The movie wisely doesn’t overexplain those elements, either. And it really helps that you have a typical stoner character who can hallucinate their way to new planes of thinking. When did you decide to connect the dots of all the temporal bits with the dream logic of the “fireplace world”?

My daughter, she’s in the special thanks too, actually had an idea of an elevator with a fireplace in it that could go to other fireplaces. And I’m like, “That’s amazing. I’m taking that right now.” So that was a big idea, and I kept “Yes, and”-ing it. I’m obviously a big fan of David Lynch, so there’s a bit of Black Lodge, or the woman dancing in Eraserhead in there, to have a little break away from the movie proper. Or with the aliens, I’m even thinking of Life of Brian, the Monty Python movie about a Christian group of apostles, and these aliens come and just abduct one of them, then drop them back off.

Speaking of the aliens, yours is completely whack. Where did this design and costume come from?

I work with this wonderful person, Shane Morton, who worked on Too Many Cooks and Your Pretty Face Is Going to Hell, and he just has a warehouse of stuff. He keeps everything. When people are throwing away stuff from other horror movies, he grabs those. I’d say, “Could we have a person who’s just all eyeballs?” And he’s like, “Yeah, I got a thousand eyeballs in my truck right now, we can glue that!” He’s just a can-do guy. So we were spitballing and adding the idea of tongue appendages that pop out of the alien. He’s like, “Let’s do it!”

A tiny man in a fancy suit stands on top of the front log of a roaring fire in Adult Swim’s yule log horror movie The Fireplace

Image: Adult Swim

What does it take to sell Adult Swim on any of this stuff?

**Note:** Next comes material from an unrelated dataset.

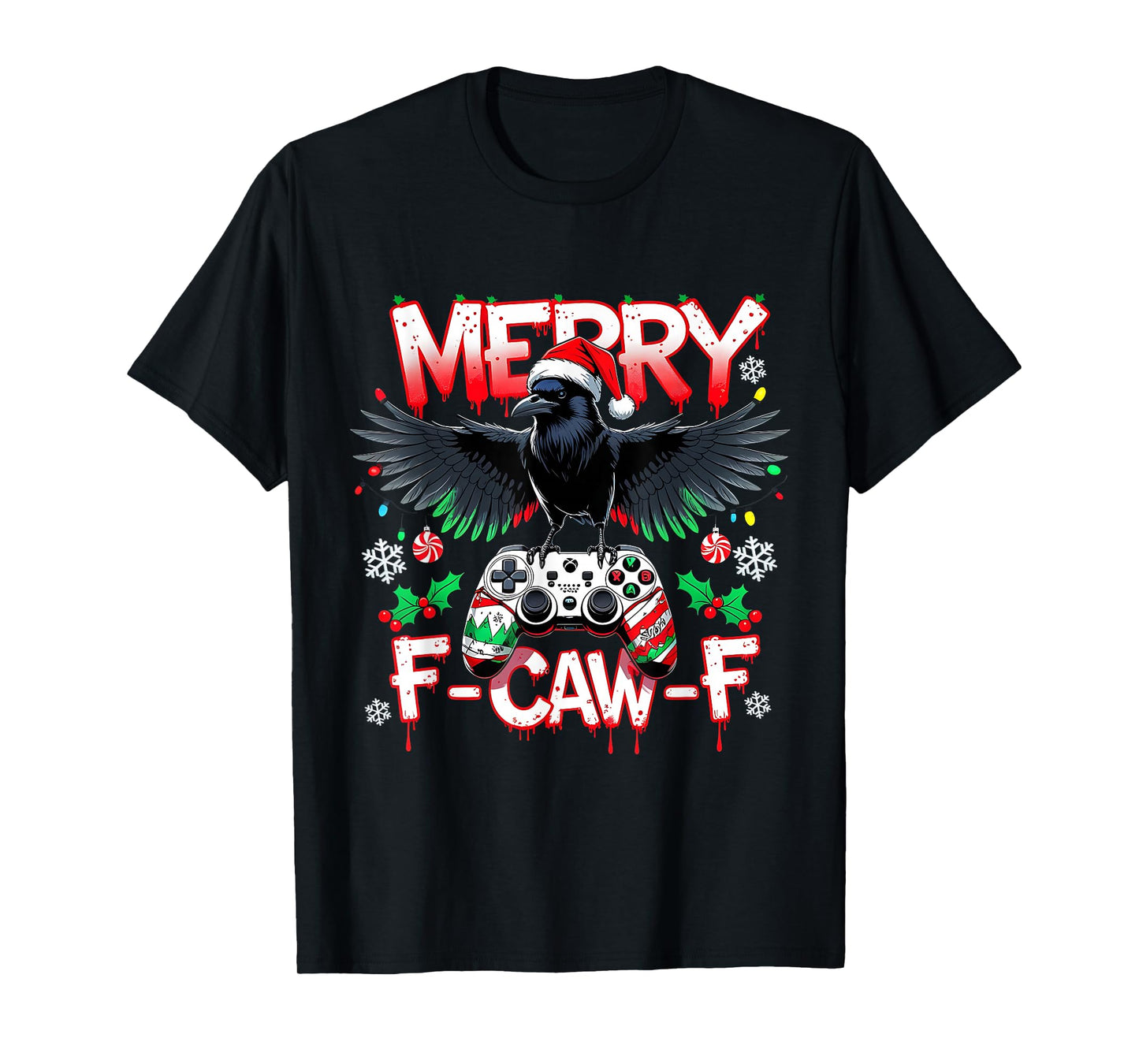 Merry F-Caw-F Gamer Crow Funny Christmas Holiday Tee T-Shirt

Even the idea of doing a movie hidden behind a yule log seems antithetical to traditional business, but for some reason it makes sense.

This started as a “4 a.m.” Then, as I was pitching it, I just said, “Hey, what if we made it a movie? I’d love to make a movie.” And they were like, “If you can make it for about the same budget, go for it.”

My relationship with Adult Swim is wonderful. It is a wonderful home for creativity. It used to be run by Mike Lazzo, who is amazing and a genius, and it now is run by Michael Ouweleen, who is also a genius, created Harvey Birdman, and is a longtime executive at Cartoon Network and Adult Swim. We have a great relationship, too. So it’s wonderful to do things with them. I know there’s a lot going on with the mergers and everything, but I feel optimistic about Adult Swim. I think it does very well with audiences, so they’ll continue to support it.

Cartoon Network Studios’ merger with Warner Bros. Animation has affected a lot of people in the animation industry and at Cartoon Network — how do you feel about the future?

It’s an interesting time in streaming and animation, but I worry about everything anyway, and I’m so bad at predicting the future. I’m terrible at it. I’m a horrible investor in stocks, and whenever I try to invest in a stock, I’m so wrong. I thought we were gonna run out of oil like 15 years ago and be in Mad Max. So I don’t know anything!

There’s a tinge of meta-comedy in The Fireplace about the streaming era, where the lead couple imagines who might play them in the true-crime dramatization of the horrific crime they’re experiencing. So who will play you in the movie version of the making of The Fireplace?

Should I just say George Clooney and pretend I’m very confident? Yes. I know we gotta get butts in seats.